Le Conte’s engraving Kay’s engraving The Painting
33] The Edinburgh fishwife was a familiar figure in the streets of Edinburgh at that time and indeed one or two continued to ply their trade until the 1950’s. They walked several miles into the city from the fishing harbours of Newhaven or Fisherrow bearing huge creels[i] of seafish on their backs, calling out ‘caller herrin’ (fresh herring) or ‘caller ou’ (fresh oysters) [ii] or whatever was the catch of the day. Kay describes the dress of the fishwives which varied in detail depending on the village from which they came. The wore a cap of cotton or linen, a napkin below the chin, a woollen pea jacket and voluminous petticoats of substantial material in gaudy colours, generally yellow with stripes, short enough to display their ankles! Although they enjoyed a dram, they were known for their respectability and morality of character, ‘far removed from the gin-swilling vixens of Billingsgate, or the dirty, squalid fishhawkers of Dublin’[iii] When not engaged in selling fish, the fishwives helped their husbands by making and mending nets, collecting baits and baiting their lines.
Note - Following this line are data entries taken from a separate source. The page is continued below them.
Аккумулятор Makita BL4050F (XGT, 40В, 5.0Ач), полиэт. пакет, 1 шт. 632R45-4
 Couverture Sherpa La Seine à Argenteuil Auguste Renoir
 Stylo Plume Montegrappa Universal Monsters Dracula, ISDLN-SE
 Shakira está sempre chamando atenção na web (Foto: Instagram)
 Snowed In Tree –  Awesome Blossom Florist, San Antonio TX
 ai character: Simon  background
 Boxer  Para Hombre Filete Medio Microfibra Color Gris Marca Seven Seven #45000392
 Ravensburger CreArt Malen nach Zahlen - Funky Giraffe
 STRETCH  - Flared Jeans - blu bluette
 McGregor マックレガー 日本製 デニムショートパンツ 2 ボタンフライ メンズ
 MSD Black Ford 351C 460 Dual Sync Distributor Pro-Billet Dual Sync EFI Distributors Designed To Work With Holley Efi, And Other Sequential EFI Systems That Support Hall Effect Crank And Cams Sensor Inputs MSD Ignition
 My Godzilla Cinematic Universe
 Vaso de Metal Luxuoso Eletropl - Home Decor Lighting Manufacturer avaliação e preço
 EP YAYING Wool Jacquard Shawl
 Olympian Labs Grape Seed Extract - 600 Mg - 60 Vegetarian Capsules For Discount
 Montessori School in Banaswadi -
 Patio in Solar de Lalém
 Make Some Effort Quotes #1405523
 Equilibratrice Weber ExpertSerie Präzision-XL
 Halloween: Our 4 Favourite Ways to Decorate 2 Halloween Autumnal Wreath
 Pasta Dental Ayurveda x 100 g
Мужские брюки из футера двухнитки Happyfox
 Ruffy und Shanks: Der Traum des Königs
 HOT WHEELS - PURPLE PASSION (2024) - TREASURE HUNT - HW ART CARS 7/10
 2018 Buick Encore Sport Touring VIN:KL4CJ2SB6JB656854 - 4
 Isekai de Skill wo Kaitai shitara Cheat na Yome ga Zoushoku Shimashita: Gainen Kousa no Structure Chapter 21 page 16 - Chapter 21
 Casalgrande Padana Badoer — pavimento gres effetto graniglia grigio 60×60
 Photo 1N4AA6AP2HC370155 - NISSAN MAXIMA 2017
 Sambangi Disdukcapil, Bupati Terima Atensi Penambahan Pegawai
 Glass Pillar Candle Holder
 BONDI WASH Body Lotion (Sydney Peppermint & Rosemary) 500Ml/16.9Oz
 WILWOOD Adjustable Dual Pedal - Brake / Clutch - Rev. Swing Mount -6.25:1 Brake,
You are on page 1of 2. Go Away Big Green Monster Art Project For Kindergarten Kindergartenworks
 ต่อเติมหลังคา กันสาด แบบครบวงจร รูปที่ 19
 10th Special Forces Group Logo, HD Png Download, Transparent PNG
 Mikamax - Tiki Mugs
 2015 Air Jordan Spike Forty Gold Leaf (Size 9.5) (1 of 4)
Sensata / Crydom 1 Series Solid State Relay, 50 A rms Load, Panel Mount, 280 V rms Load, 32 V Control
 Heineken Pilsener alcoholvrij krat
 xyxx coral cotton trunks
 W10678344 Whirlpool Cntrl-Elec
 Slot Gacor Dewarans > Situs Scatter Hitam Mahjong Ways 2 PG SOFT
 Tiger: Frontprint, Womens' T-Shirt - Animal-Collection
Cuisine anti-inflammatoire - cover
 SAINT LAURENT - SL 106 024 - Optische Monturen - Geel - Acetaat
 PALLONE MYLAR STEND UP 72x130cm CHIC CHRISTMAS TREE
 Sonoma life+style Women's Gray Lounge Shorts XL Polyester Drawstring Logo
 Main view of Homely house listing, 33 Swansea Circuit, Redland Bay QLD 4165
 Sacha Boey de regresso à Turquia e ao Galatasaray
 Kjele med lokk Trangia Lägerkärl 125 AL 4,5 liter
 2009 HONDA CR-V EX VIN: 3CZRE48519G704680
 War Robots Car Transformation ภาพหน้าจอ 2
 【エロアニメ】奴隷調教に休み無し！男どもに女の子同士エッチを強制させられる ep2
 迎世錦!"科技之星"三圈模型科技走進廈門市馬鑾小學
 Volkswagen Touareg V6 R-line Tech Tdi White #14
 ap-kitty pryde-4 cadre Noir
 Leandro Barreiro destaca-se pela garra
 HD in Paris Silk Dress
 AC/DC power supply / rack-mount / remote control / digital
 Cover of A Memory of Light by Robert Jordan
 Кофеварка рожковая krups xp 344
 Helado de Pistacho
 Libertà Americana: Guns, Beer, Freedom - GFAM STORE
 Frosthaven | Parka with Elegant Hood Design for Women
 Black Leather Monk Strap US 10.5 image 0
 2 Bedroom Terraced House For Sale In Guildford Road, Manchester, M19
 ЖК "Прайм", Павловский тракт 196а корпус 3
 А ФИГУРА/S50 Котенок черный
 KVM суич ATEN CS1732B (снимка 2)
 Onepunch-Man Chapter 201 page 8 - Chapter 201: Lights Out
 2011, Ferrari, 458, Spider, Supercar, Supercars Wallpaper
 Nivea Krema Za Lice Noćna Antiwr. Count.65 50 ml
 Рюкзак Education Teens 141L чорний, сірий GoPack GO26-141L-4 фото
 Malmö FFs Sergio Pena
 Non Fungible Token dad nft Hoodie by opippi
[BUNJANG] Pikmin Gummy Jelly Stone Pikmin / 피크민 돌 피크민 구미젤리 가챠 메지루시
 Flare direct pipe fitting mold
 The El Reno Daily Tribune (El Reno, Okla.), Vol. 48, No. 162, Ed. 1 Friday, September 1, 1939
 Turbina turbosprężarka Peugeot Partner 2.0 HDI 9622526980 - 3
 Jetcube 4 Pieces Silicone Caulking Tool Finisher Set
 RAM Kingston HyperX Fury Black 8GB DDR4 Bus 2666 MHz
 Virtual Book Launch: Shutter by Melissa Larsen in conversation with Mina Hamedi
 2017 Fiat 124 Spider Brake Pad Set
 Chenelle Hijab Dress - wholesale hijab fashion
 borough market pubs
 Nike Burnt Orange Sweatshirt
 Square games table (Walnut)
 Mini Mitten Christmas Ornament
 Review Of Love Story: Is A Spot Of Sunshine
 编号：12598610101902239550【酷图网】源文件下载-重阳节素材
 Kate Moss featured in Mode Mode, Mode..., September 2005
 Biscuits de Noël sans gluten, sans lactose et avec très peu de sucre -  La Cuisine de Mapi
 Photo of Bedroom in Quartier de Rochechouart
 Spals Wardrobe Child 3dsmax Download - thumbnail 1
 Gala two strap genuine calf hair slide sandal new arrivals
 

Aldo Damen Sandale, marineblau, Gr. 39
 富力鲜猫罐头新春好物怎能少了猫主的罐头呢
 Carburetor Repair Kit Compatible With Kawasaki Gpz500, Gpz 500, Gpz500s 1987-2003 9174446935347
[i] Although the fishwives’ strength must have been remarkable, a footnote in Kay’s Portraits 2 p339 makes the unlikely claim that ‘It is a well-known fact, that three of them….went from Dunbar to Edinburgh, which is twenty-seven miles, with each of them a load of herrings on her back of 200lb. in five hours’.
[ii] Oysters, dredged on the shore of the Firth of Forth, were cheap and plentiful in those days and a staple diet of all classes of society. In 1773 they began to be exported in large numbers to the London market. Arnot, p455, predicted rightly that ‘if the oyster-banks on the Forth are not dragged more sparingly, this commodity will be speedily exhausted.’ Alas overfishing has long since resulted in their virtual disappearance from these waters.